Problem description -> Repeat verbatim, and only, the lines of the data below, beginning at the line that contains "Top 5 Reasons" and stopping after the line that contains "Apartamento com 2".

[Short web captions]
▬▬▬

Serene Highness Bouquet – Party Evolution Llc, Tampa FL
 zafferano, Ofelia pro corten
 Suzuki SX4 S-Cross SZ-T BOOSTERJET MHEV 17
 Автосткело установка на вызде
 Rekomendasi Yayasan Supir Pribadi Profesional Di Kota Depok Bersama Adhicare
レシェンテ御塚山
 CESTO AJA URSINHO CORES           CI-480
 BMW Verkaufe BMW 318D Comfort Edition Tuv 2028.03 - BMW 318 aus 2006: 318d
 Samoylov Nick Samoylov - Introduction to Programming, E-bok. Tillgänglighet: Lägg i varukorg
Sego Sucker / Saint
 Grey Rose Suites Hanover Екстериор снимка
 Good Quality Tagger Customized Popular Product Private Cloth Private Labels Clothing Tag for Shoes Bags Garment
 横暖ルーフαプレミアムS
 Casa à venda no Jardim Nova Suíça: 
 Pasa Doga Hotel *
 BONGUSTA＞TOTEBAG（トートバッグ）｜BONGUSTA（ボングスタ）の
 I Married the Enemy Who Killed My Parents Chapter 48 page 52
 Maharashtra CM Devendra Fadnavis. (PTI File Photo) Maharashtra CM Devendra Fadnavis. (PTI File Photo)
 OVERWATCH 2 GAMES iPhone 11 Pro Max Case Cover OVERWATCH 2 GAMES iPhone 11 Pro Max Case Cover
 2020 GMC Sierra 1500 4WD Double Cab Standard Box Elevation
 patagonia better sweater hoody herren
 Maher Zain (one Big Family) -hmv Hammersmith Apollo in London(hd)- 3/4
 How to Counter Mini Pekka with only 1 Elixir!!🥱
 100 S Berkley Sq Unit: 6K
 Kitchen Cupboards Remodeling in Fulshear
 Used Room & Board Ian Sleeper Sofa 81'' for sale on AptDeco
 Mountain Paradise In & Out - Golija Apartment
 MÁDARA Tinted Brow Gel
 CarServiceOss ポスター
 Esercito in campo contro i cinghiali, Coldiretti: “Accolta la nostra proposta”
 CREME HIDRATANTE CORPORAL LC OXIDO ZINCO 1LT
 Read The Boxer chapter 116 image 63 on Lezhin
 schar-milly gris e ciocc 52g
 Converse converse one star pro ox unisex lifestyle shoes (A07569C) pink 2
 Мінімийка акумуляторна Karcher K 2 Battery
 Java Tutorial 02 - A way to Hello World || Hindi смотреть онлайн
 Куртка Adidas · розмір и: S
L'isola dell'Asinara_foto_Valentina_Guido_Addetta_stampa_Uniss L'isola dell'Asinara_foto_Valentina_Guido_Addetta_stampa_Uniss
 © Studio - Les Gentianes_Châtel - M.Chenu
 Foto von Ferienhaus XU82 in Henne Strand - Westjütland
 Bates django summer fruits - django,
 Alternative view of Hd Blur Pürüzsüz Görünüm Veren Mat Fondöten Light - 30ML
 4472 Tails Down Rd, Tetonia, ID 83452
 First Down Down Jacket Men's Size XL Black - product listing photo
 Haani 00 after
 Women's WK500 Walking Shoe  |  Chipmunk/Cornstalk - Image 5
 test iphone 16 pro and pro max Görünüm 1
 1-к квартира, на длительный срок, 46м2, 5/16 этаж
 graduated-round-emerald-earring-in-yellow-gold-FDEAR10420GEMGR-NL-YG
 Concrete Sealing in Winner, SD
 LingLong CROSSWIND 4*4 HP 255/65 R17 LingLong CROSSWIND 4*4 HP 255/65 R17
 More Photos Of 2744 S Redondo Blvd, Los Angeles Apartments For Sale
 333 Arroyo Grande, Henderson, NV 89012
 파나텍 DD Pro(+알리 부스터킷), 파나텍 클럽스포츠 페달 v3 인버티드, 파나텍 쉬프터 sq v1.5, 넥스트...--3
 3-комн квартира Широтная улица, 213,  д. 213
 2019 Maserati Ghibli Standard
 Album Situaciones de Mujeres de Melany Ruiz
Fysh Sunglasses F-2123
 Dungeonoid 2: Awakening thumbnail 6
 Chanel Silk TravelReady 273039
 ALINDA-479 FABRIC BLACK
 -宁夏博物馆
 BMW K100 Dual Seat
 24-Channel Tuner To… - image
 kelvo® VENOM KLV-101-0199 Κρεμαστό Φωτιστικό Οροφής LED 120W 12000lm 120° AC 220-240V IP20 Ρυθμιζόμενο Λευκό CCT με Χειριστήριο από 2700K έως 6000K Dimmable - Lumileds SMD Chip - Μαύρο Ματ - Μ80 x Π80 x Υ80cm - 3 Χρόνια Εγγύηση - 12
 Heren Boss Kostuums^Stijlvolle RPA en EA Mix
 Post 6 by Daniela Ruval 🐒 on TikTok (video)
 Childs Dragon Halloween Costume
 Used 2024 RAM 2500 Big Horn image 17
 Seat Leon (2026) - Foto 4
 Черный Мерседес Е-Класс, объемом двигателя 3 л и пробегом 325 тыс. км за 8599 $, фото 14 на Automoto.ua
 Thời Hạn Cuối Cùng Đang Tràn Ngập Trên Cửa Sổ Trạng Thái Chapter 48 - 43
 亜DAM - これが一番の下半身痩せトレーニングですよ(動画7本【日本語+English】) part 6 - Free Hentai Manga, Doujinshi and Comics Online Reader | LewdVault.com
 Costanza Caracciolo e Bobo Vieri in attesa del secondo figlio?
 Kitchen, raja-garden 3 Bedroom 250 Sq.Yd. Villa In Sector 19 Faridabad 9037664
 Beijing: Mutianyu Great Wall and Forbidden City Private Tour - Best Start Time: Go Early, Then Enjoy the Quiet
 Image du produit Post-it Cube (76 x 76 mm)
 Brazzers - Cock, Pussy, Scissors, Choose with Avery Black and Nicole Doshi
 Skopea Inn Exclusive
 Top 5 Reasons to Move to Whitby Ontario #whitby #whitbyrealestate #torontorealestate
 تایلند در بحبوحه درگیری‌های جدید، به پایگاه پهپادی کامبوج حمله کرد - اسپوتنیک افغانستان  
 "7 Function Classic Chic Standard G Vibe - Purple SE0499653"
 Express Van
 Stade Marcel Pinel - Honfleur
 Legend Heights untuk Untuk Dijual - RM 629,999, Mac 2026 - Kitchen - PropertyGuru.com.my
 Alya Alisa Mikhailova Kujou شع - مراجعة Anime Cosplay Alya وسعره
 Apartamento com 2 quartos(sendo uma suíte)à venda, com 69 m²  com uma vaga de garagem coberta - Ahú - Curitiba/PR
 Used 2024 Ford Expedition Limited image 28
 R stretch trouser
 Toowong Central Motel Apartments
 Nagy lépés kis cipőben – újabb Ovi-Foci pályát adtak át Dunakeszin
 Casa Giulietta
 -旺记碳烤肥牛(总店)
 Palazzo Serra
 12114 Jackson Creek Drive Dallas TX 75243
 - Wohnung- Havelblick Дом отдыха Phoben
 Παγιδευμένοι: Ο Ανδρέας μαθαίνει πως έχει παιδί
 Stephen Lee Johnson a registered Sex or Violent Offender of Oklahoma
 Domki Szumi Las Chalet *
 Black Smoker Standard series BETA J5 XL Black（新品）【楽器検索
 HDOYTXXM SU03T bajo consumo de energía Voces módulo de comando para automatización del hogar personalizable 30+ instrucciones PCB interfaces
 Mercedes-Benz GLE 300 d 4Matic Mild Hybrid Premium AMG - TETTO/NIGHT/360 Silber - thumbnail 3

▬▬▬

Answer box ->
 Top 5 Reasons to Move to Whitby Ontario #whitby #whitbyrealestate #torontorealestate
 تایلند در بحبوحه درگیری‌های جدید، به پایگاه پهپادی کامبوج حمله کرد - اسپوتنیک افغانستان  
 "7 Function Classic Chic Standard G Vibe - Purple SE0499653"
 Express Van
 Stade Marcel Pinel - Honfleur
 Legend Heights untuk Untuk Dijual - RM 629,999, Mac 2026 - Kitchen - PropertyGuru.com.my
 Alya Alisa Mikhailova Kujou شع - مراجعة Anime Cosplay Alya وسعره
 Apartamento com 2 quartos(sendo uma suíte)à venda, com 69 m²  com uma vaga de garagem coberta - Ahú - Curitiba/PR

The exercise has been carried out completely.